NSQ – A realtime distributed messaging platform designed to operate at scale

rjeli · on May 31, 2017

Segment is probably the biggest NSQ user right now, and they're moving to Kafka - any employees want to weigh in? :)

TheHydroImpulse · on May 31, 2017

Engineer @ Segment

NSQ has served us pretty well but long term persistence has been a massive concern to us. If any of our NSQ nodes go down it's a big problem.

Kafka has been far more complicated to operate in production and developing against it requires more thought than NSQ (where you can just consume from a topic/channel, ack the message and be done). More to that, if you want more capacity you can just scale up your services and be done. With Kafka we had to plan how many partitions we needed and autoscaling has become a bit trickier.

We now have critical services running against Kafka and started moving our whole pipeline to it as well. It's a slow process but we're getting there.

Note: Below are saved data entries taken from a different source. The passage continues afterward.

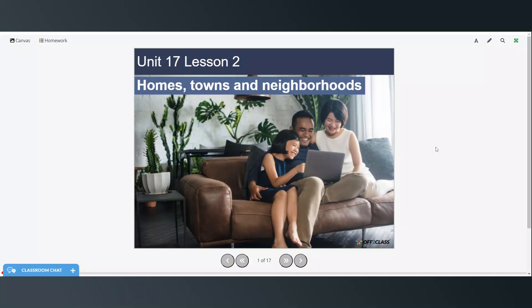Welcome to today's video. This is level A2, unit 17, lesson 2. In this lesson we're going to be looking at the apostrophe S to show possession, and also the word 'whose' in order to show possession or to ask questions about possession.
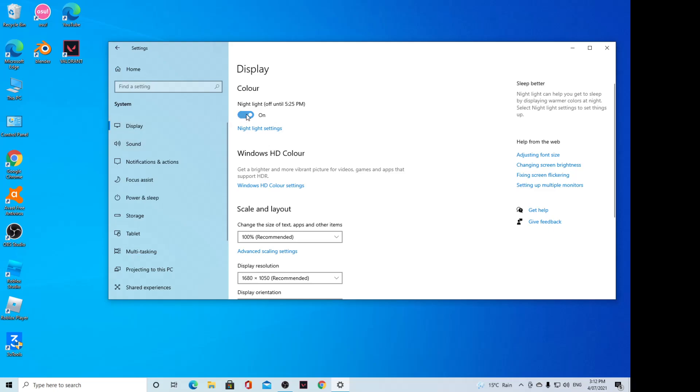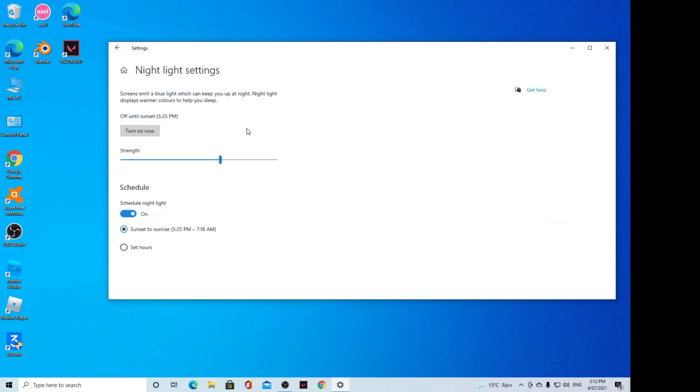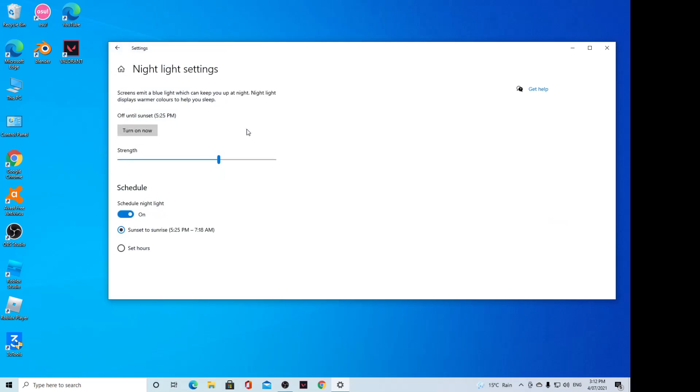If you click on Night Light settings at the bottom, here you can turn it on. At the moment, it is set on schedule.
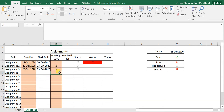For example, if I put seven days, it calculates the start date and shows the alarm. I'll show you how to set that up now.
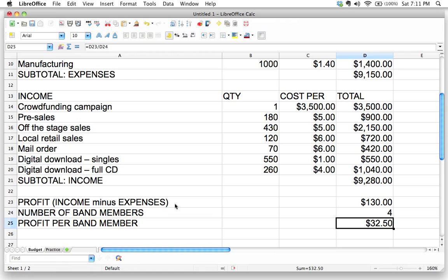Now you know how to do that, and you also know that getting into a band is probably not a very lucrative endeavor based on this budget. That's it for this budget — we're going to start wrapping up. In the next screencast we're going to talk about choosing the right file format to save in, because I haven't actually saved this yet, which is terrible — you should always save as you go. We'll cover the different file formats available for spreadsheets and which one to use under different circumstances.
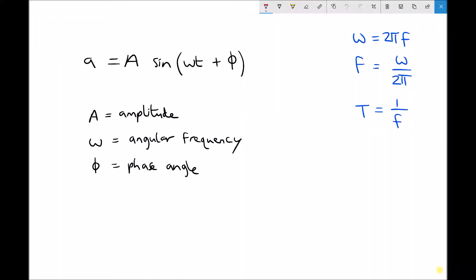On the screen we have an equation in its general form: lowercase a equals capital A sine omega t plus phi. A is the amplitude as we saw earlier. Omega, this coefficient in front of t, is called our angular frequency. And phi is our phase angle, which will cause either a lead or lag time depending on whether it's positive or negative.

We've had to build some tooling to operate Kafka and ramp up everyone else on how to use it. To be fair, we've also had to build tooling for NSQ, specifically nsq-lookup to allow us to scale up.

We have an nsq-go library that we use in production along with some tooling: https://github.com/segmentio/nsq-go

doh · on May 31, 2017

Have you ever looked at any proprietary solutions like Google's PubSub? We're running on PubSub for over year now and outside of some unplanned downtimes it's scaling very well. But as we're looking to branch out out of GCP we are looking at Kafka as an alternative.

Could you comment on particular problems and challenges that you ran into?

For the context, we're currently sending around 60k messages/sec and around 1k of them contains data larger than 10kb.

TheHydroImpulse · on May 31, 2017

The biggest issue with PubSub and Amazon's alternative is the cost. Being capped at a per-message cost would be a no go.

If you can get away with using PubSub or the like it would be far easier than to manage your own Kafka deployment (correctly).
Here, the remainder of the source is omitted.